Materials provided section start

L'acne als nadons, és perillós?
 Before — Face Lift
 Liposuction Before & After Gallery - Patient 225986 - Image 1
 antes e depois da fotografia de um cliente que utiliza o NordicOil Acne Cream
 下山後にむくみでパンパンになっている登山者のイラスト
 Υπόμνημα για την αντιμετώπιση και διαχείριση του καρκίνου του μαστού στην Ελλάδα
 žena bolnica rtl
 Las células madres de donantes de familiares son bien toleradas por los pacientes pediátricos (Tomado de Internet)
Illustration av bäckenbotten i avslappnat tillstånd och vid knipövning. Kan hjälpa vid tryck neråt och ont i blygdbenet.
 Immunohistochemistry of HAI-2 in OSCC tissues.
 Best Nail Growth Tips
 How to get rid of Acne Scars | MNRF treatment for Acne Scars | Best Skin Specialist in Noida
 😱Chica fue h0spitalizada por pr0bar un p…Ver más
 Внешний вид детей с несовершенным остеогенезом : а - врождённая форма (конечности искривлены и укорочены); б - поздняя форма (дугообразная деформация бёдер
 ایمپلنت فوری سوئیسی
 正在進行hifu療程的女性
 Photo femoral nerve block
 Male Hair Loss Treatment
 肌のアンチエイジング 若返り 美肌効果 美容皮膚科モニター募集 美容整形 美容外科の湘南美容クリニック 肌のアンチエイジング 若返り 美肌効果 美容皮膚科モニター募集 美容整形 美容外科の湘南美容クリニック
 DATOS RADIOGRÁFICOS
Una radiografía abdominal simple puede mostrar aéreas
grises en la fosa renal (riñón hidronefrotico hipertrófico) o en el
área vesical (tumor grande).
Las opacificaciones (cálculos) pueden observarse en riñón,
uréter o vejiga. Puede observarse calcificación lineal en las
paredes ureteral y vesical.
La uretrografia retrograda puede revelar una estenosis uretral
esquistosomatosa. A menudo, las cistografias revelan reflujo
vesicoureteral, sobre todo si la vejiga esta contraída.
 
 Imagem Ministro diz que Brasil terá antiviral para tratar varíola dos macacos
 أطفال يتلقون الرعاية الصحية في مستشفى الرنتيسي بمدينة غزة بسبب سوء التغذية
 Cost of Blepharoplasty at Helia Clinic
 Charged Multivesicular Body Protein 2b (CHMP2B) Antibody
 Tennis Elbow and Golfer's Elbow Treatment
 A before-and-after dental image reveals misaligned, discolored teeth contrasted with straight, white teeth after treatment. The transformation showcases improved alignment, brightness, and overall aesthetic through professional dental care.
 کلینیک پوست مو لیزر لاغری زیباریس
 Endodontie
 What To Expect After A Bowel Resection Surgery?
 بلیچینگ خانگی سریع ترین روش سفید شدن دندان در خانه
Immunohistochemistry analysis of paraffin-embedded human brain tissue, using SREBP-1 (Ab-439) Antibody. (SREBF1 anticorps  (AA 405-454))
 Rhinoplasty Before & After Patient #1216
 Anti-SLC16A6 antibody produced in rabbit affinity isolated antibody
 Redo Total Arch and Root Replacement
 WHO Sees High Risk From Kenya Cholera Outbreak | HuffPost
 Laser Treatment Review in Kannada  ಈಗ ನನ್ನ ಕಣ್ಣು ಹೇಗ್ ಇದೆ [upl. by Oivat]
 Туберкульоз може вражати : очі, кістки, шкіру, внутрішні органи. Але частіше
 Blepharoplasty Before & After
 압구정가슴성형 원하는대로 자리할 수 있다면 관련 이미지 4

Materials provided section end

* **Prompt**
Report all lines of the data that include the word "vejiga".

* **Solution to this task**
uréter o vejiga. Puede observarse calcificación lineal en las
vesicoureteral, sobre todo si la vejiga esta contraída.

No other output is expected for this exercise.